**Your assignment**
Given the records below, the lines starting at the line with "Author of the 2024 memoir" and ending at the line with "There is nothing" should be output exactly, both end lines kept and pictures left out.

**Dataset content**
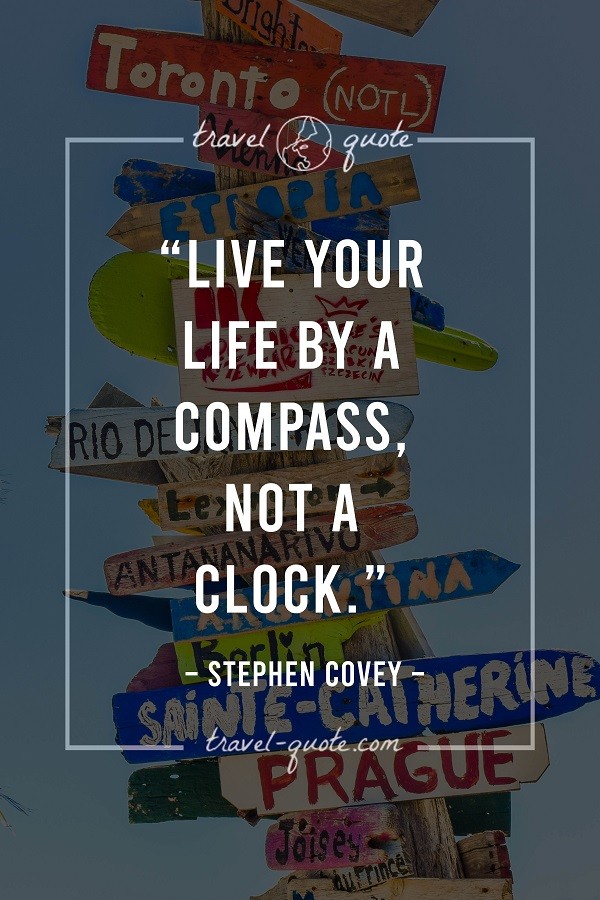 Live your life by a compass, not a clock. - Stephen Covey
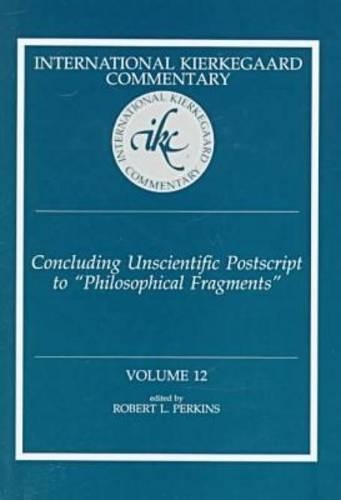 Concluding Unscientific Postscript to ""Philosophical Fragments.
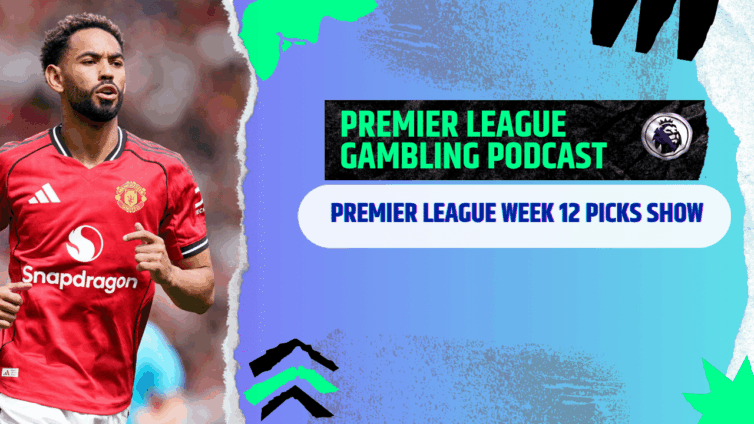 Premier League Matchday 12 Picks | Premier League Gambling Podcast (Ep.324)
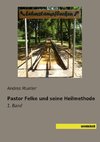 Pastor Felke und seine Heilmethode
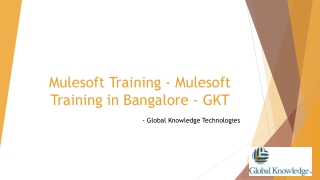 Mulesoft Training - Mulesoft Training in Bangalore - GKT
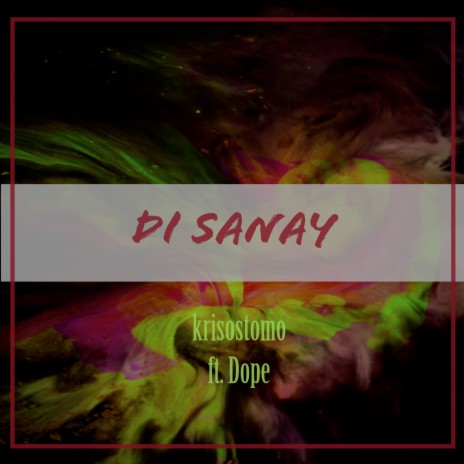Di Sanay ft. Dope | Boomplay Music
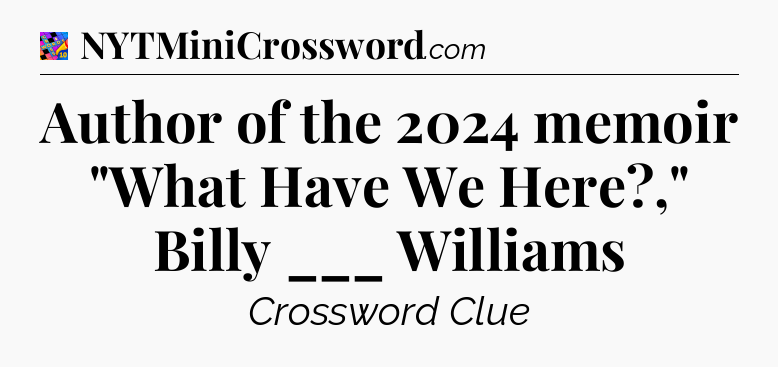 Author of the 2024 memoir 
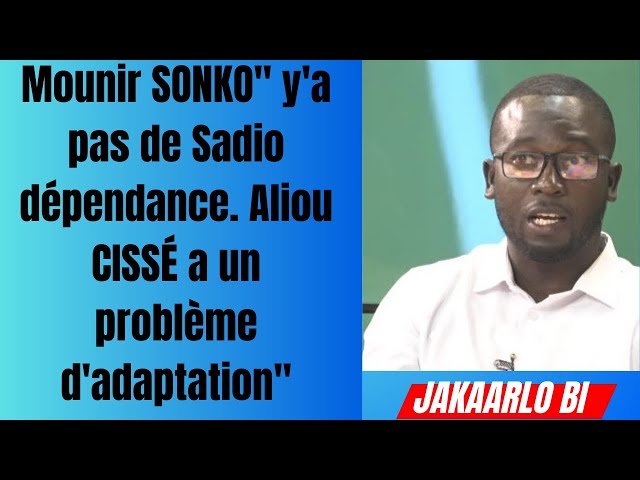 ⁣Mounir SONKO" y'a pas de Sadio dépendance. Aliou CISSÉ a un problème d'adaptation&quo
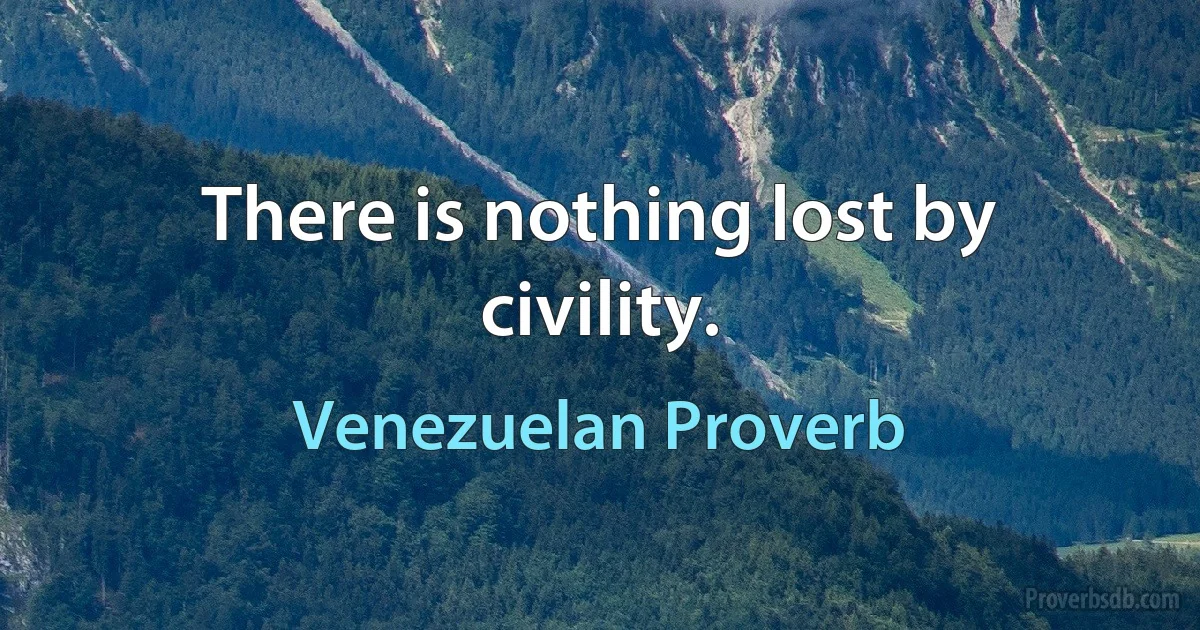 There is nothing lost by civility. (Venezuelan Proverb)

==

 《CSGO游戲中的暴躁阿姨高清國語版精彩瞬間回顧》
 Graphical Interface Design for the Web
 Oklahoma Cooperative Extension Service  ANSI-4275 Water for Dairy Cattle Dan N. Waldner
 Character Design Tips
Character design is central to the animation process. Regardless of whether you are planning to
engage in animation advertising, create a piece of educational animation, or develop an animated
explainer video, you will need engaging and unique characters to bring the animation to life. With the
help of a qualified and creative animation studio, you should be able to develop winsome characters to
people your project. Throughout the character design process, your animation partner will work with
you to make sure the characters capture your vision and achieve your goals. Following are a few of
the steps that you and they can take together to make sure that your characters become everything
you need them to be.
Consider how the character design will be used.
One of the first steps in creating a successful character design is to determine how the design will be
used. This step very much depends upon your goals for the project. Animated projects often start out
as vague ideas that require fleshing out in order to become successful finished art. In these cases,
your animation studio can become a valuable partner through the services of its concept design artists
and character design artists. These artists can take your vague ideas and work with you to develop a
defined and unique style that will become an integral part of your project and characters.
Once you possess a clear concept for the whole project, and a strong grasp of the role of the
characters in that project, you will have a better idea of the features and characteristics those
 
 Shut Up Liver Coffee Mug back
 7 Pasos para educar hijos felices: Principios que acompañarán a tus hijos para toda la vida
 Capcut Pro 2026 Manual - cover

**Answer to the problem**
 Author of the 2024 memoir 
 ⁣Mounir SONKO" y'a pas de Sadio dépendance. Aliou CISSÉ a un problème d'adaptation&quo
 There is nothing lost by civility. (Venezuelan Proverb)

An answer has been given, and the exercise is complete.